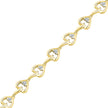 Yellow Gold Heart & DIamond Bracelet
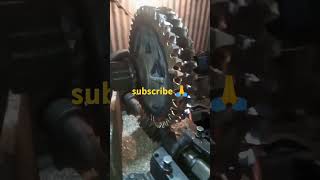 hobbing machine Woram gaer 9 model 41 data double start worm gear🙏🙏🙏 [upl. by Haimehen220]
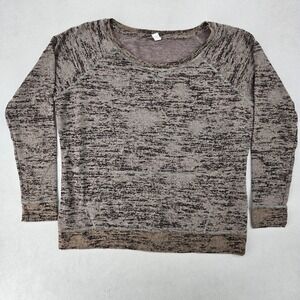 Enza Womens NWOT 2X Sweatshirt Gray Charcoal Acid Wash Raglan Pullover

» **Assigned task**
Repeat the material exactly, without images.

» **Reply to the task**
 Yellow Gold Heart & DIamond Bracelet
 hobbing machine Woram gaer 9 model 41 data double start worm gear🙏🙏🙏 [upl. by Haimehen220]
 Enza Womens NWOT 2X Sweatshirt Gray Charcoal Acid Wash Raglan Pullover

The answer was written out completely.